- 1 Tour Description
- 2 Daily Tour Overview
- 2.1 Day 1 – Grenoble to Alpe d’Huez (21 bends)
- 2.2 Day 2 – Sarenne & the back road to ‘Huez’
- 2.3 Day 3 – Cycling to the Maurienne valley
- 2.4 Day 4 – Conquer Europe’s highest pass
- 2.5 Day 5 – Double up: Telegraphe & Galibier
- 2.6 Day 6 – Time to explore Briancon
- 2.7 Day 7 – Cycle the iconic ‘Casse Deserte’
- 2.8 Day 8 – Col de la Bonette – bragging rights?
- 2.9 Day 9 – Picture perfect Provence
- 2.10 Day 10 – Mt Ventoux: Le Geant de Provence
- 2.11 Day 11 – Goodbyes from Marseille
- 3 Dates & Prices
- 4 Cycling Souvenirs
- 5 French Alps Cycling Stories
- 6 Client Reviews (French Alps)
Here is a classic cycling tour to challenge all recreational cyclists looking to tick off a full bucket list of epic climbs in the French Alps. It all kicks off in Grenoble the capital of the French Alps and concludes on Mont Ventoux affectionately known as the ‘Geant de Provence’. This iconic route includes some of the biggest household name climbs with Alpe d´Huez, Col de la Croix de Fer, Col de l’Iseran, Col du Galibier and Col d’Izoard all dotted along the route path.

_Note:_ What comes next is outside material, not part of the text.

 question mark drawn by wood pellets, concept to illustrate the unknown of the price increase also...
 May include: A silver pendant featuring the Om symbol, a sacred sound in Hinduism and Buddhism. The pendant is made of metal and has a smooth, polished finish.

There is no doubting that the giants of the French Alps will have you gasping for oxygen; Col de l’Iseran (2770m altitude), Col de la Bonette (2715m altitude) and Col du Galibier (2642m altitude). But what adds to this epic cycling adventure are the lesser known climbs such as Col de la Sarenne, Lacets de Montvernier, Col du Granon and Col du Murs. Breathtaking scenery, challenging climbs, awesome descents and the quiet backroad experience all await!
Daily Tour Overview
Day 1 – Grenoble to Alpe d’Huez (21 bends)
Grenoble is considered by many as the French Alps capital and the Fort de la Bastille sitting high above the city centre provides an amazing backdrop. The town is surrounded by inspiring mountain peaks which will have you all itching for some cycling action. You will ride the first 50km on the 2017 TDF Stage 17 route which includes the Col d´Ornon climb (14km / 600m ascent). Following a great descent, we will have you at the base of Alpe d´Huez and its famed 21 switchbacks. No other mountain has had so much Tour de France drama. With or without the TDF the atmosphere on the mountain is always fantastic and the 13km at 8% average grade will be a constant test. Each of the 21 hairpin bends has been named after past stage winners and you too will soak up all the history!
Distance: 60km / Meals: Dinner Included / Sleep: Alpe d’Huez ski station
Day 2 – Sarenne & the back road to ‘Huez’
From the Alpe d’Huez ski station the ride follows a small backroad which initially descends, later slightly rises, hugs the edge of the mountain and then provides spectacular views down to the valley floor. If you are looking for action the climb to Villard Reymond will be sure to impress. The climb rises out of Le Bourg d’Oisans and while it is asphalted for the most part it also includes a few unsealed sections for the gravel grinders in the group. The views across the valley to the Alpe d’Huez ski station are exceptional and all past guests love to see what they achieved yesterday!
With some good work under the belt there will be time for a lunch stop in ‘Le Bourg’ to gain energy for Col de la Sarenne. To get things going again we have what’s best described as a lumpy 20km to the base of ‘Sarenne’ following yet another remarkable balcony road. The 15km climb to Sarenne needs to be respected as it has ≥ 10% ramps in places and will be a huge test. The trade-off though is cycling through the beautiful Ferrand valley and the final hairpins which take you up to 1999m elevation (yes 1999m to be precise)!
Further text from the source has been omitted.